If after 200 grams of water were added to the 24%-solution of alcohol, the strength of the solution decreased by one-third, how much of the 24%-solution was used?

A. 180 grams
B. 220 grams
C. 250 grams
D. 350 grams
E. 400 grams

Let the weight of 24% solution used be $$x$$ grams, then the weight of alcohol in it would be $$0.24x$$. Next, as in the final solution strength decreased by $$\frac{1}{3}$$ thus the strength of the final mixture became $$24*\frac{2}{3}=16 \%$$.

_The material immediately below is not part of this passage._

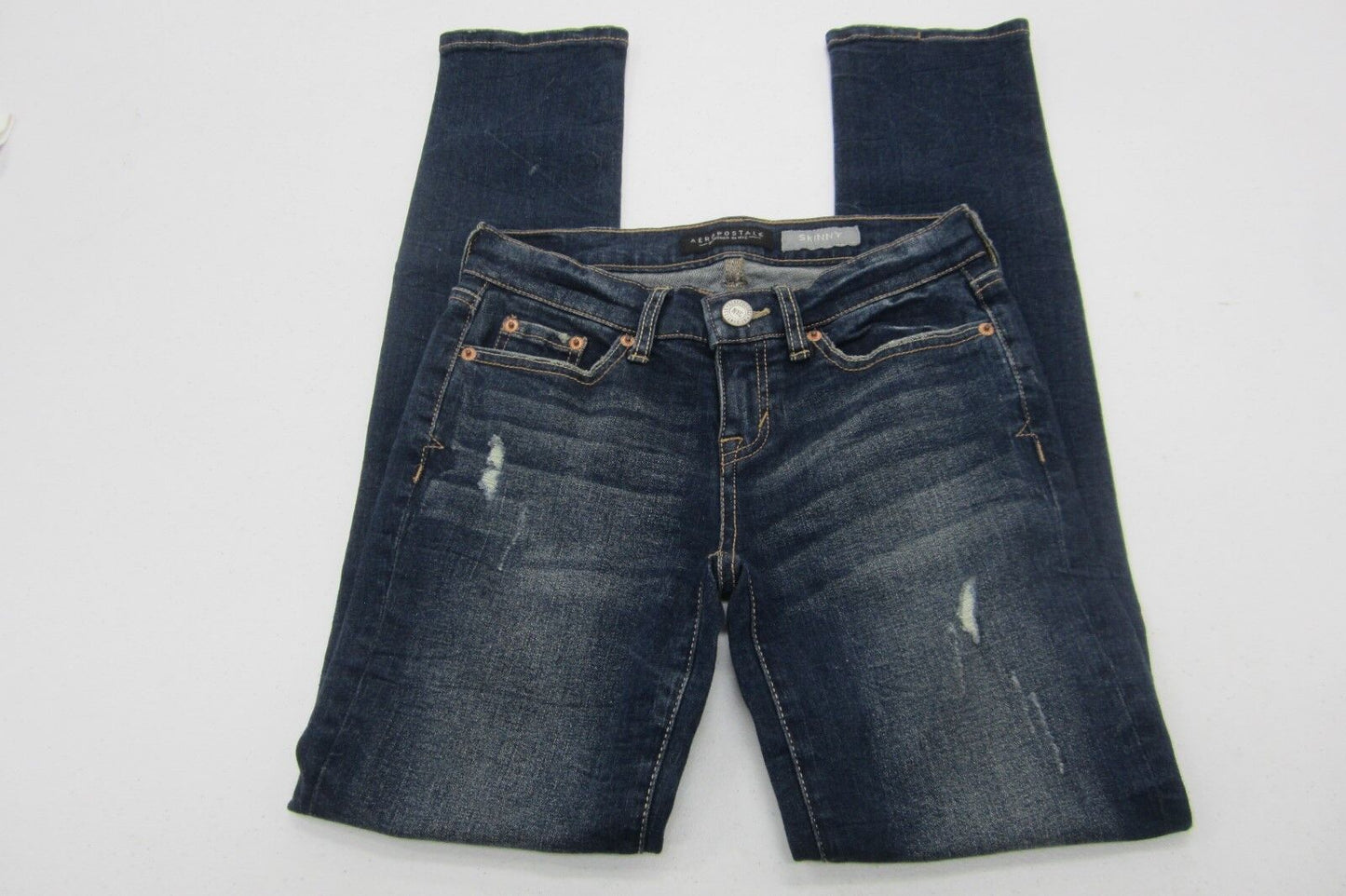 NWOT Aeropostale Size 00 X 29 Jeggings Denim Cotton Womens Jeans Low Rise Skinny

Set the equation: $$0.24x=0.16(x+200)$$, the weight of 16% alcohol in $$x+200$$ grams of new solution comes only from (equals to) 24% alcohol in $$x$$ grams of strong (initial) solution, as there is 0 grams of alcohol in water (0% alcohol solution). Solving gives: $$x=400$$.

Hi I use a different method and solve it really quickly :

After the water has been added the concentration decrease by $$\frac{1}{3}$$.

It means that $$\frac{1}{3}$$ of the final mixture contains no alcohol and therefore is water.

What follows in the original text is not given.